The Nordic people are also used to serious communication on sustainability and responsibility matters. We sort our garbage at home since a long time, we use energy efficient heating solutions, we are used to taking a diverse environment in to account, and we are used to a life where the balance between work and family is good; at least we have the option to choose so. Norway has close to 50% of new cars sold being electric, a level seen nowhere else in the world.

As this is a topic for all layers and dimensions in the society, there is no wonder the Nordic press is interested in this. It is considered a serious problem if your fund or company ends up on the first page of a newspaper with headlines indicating that you are not respecting ESG criteria when expected to do so.

Where did this lead the Nordic ESG compared to other countries and regions?
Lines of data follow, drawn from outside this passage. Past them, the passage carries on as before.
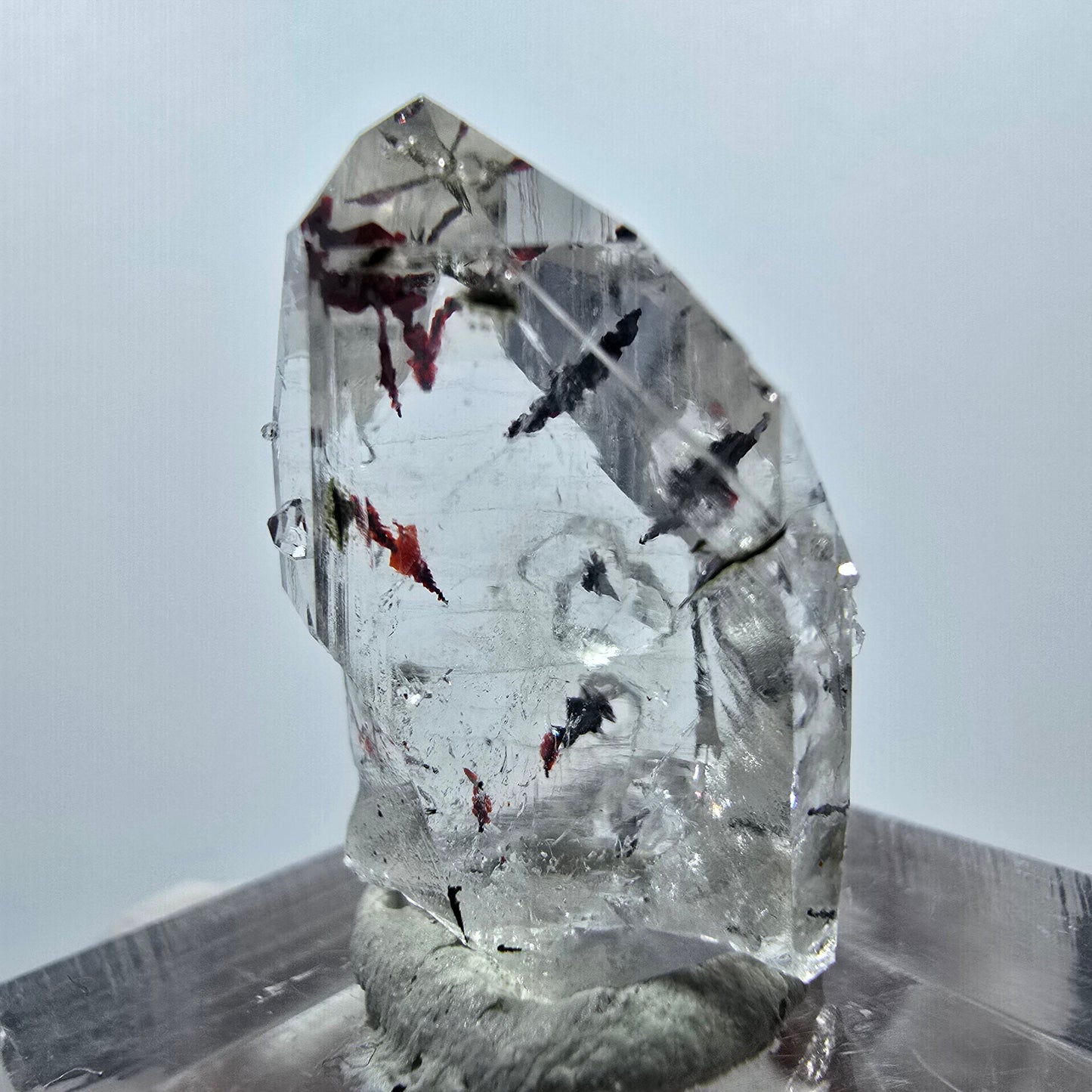 Harlequin Phantom Amethyst with Analcim Streep Mine, Goboboseb, Namibia 25*16*14mm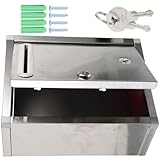 Sosoport Edelstahl Briefkasten Abschließbar Großzügig 27X21X11cm Rostfrei Wandmontage Postkasten mit Sicherheitsschloss für Haus und Außenbereich Zufällige Farbe Zufällige Farbe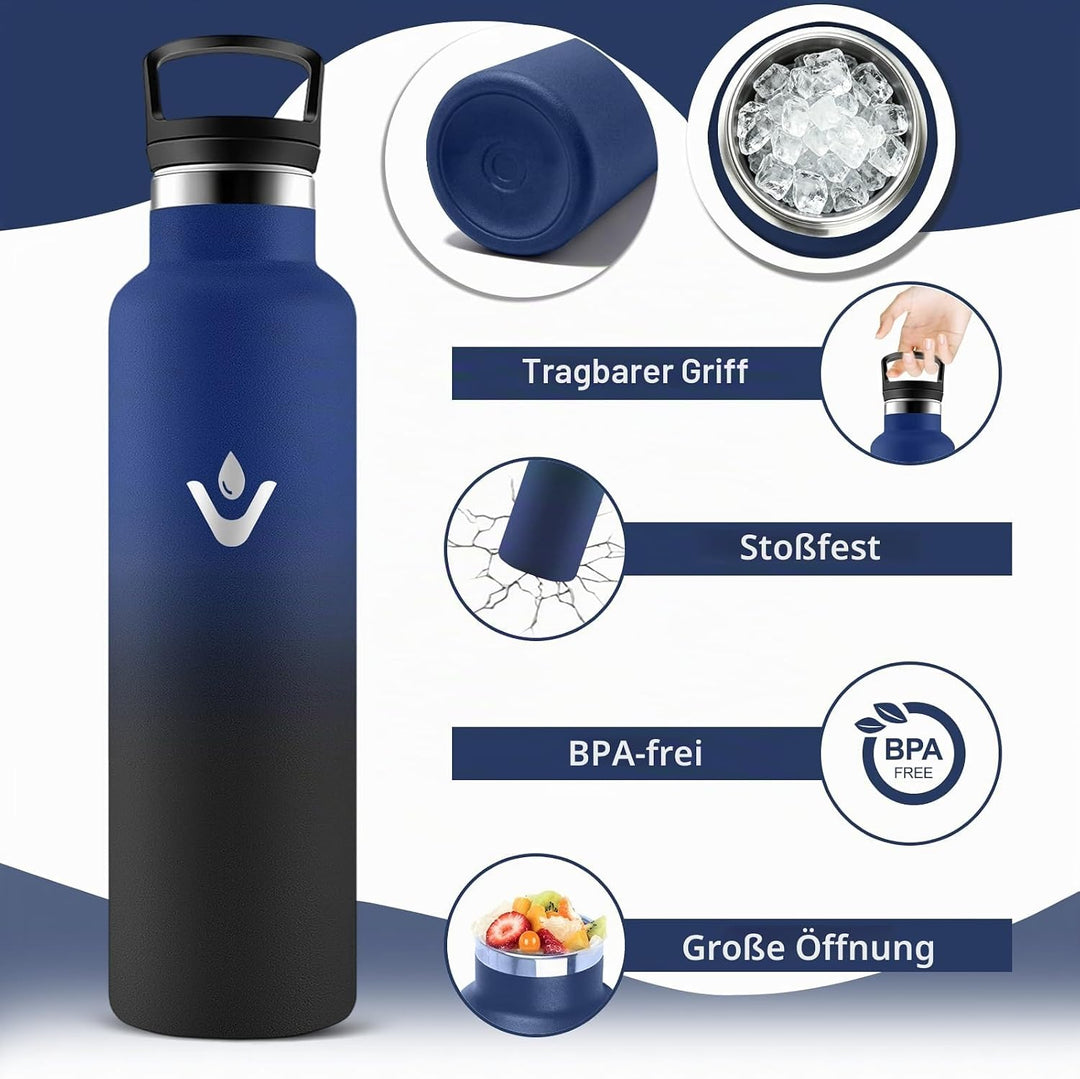 Trinkflasche 1L, Wasserflasche Isolierflasche BPA-Frei, Kohlensäure Geeignet, Thermosflasche 1l Ausl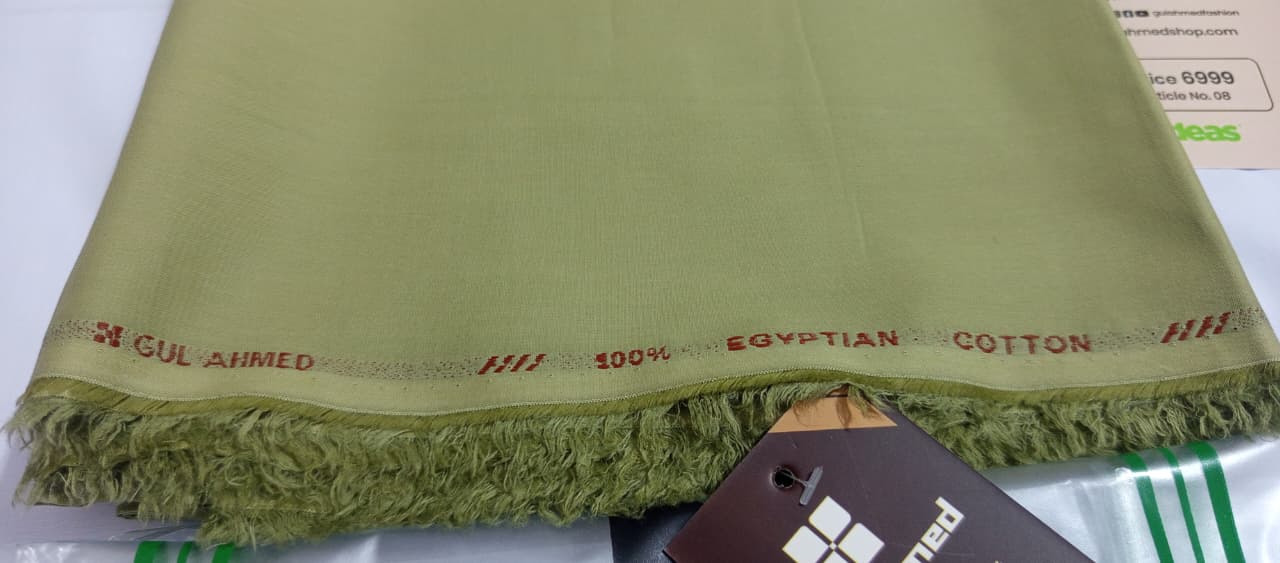 Olive Green | Gul Ahmed Men's Unstitched Soft Cotton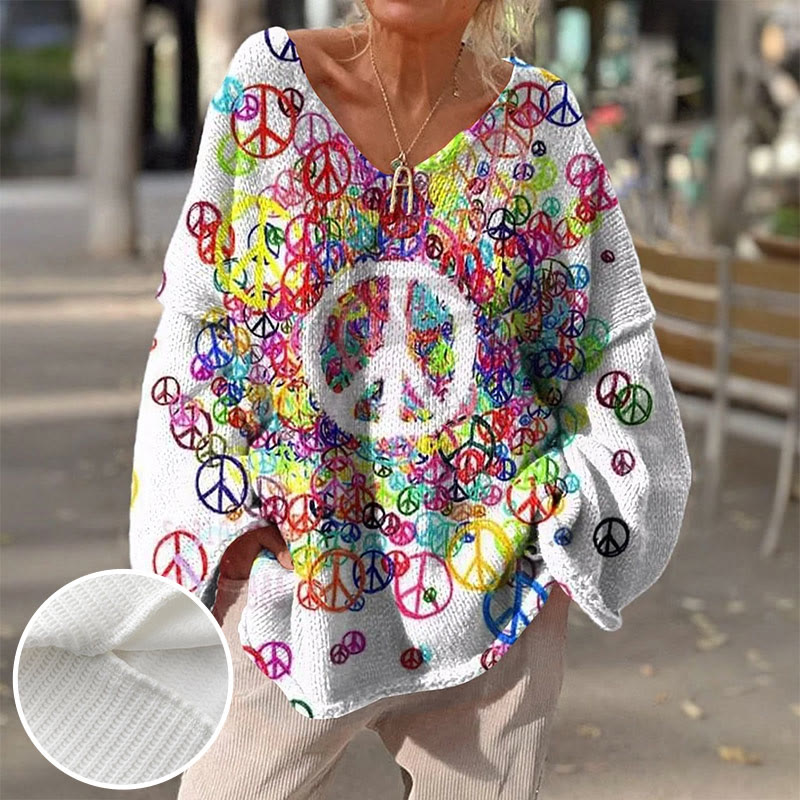 Women's Hippie Peace Art Print Causal V-neck Pullover Sweater - Multicolor - 4XL - image 1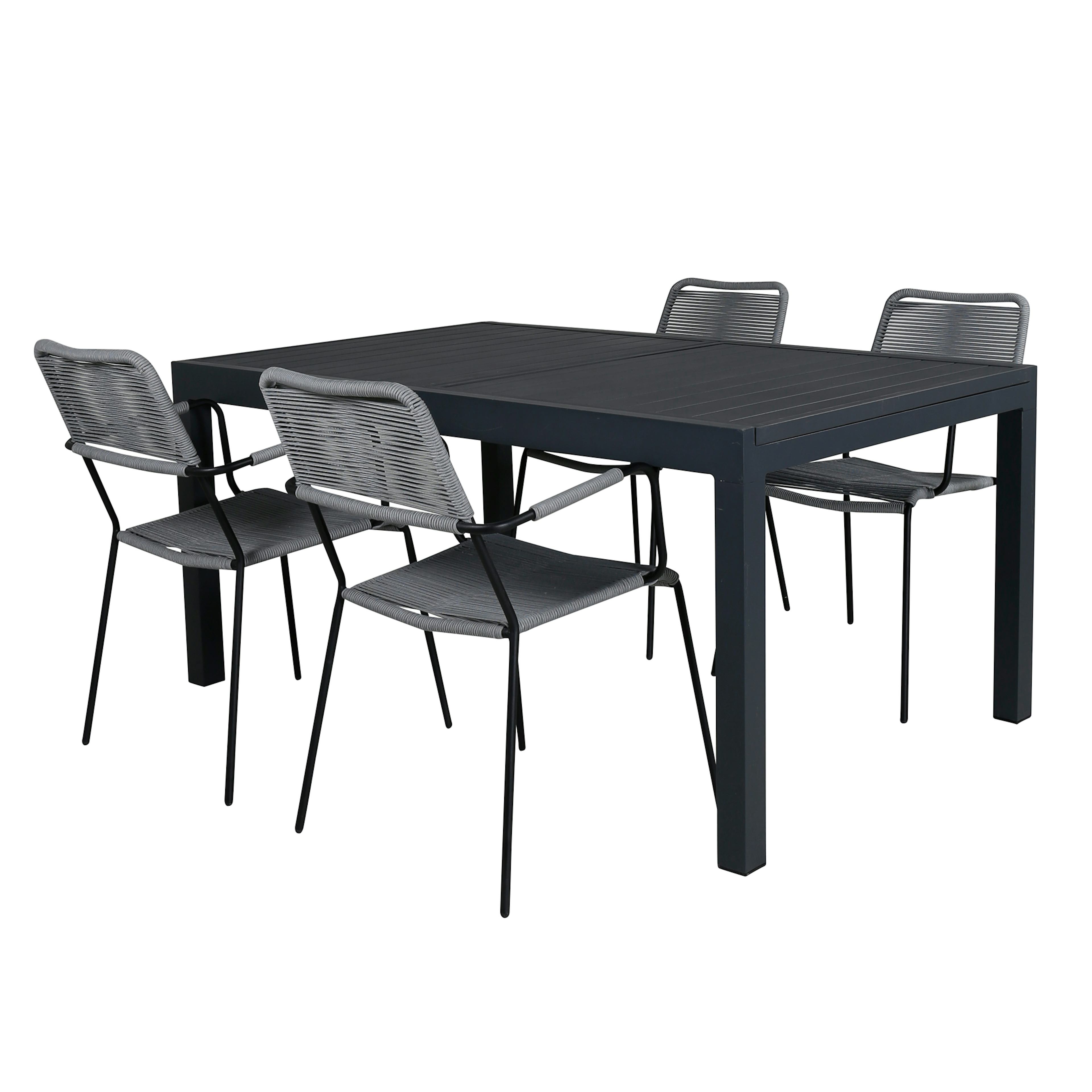 Matgrupp Venture Home Marbella med 4 Levi Stolar Grå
As an example of how the Nordic countries rank globally in ESG, ISS published a report recently called “ISS ESG Country Report 2019”. The rankings are based on 100 quantitative and qualitative criteria. From the report:

The Best -Performing Countries
As in previous years, Scandinavian countries are at the top of the ranking this year. For the first time, a non-Scandinavian country – Switzerland – is amongst the three most highly rated countries. Switzerland’s rating is the result of good performance in governance and fundamental freedoms in combination with a solid performance across most other important rating topics, such as labor rights, climate policy, and agricultural and industrial production. Sweden and Finland score particularly high on education, healthcare, and social security infrastructures. As countries with a high proportion of renewable energy sources and a relatively strong climate performance, Sweden, Norway, Finland, and Iceland score well in the rating area of “Climate Change and Energy.”

Insight 2019 08- Nordic SRI - Table ISS

How did the Nordic sustainable and responsible investing develop?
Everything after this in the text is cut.